When Saturday Comes analyses the growing phenomenon of football statistics and asks whether we rely too heavily on such details.

6. “It’s Friday, January 17, and the tennis world’s attention is focused half a world away, on Australia, where in a few hours Donald Young, the last American man in the draw, will get steamrolled in the third round. For his efforts, Young, ranked no. 91 in the world, will earn $75,000 before taxes.1 Here in Florida, King and Jung, ranked 590th and 379th, respectively, each stand to win $310 if they prevail.”

Grantland profile the less heralded players in the world of tennis.

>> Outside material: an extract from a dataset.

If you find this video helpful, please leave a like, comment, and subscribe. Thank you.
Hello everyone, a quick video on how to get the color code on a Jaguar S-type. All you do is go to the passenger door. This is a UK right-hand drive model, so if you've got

7. “Paul Schlemmer had never photographed underwater before. But when a friend asked if he would like to photograph the youth synchronized swimming club Synchro Olomouc’s Christmas showcase in the eastern Czech city of Olomouc, he jumped at the opportunity. “I was interested because I love being in water and I love shooting and I’m always trying to be as curious about the world around me as possible,” Schlemmer said via email.”

This piece (and in particular, the images that go with it) is quite simply magnificent.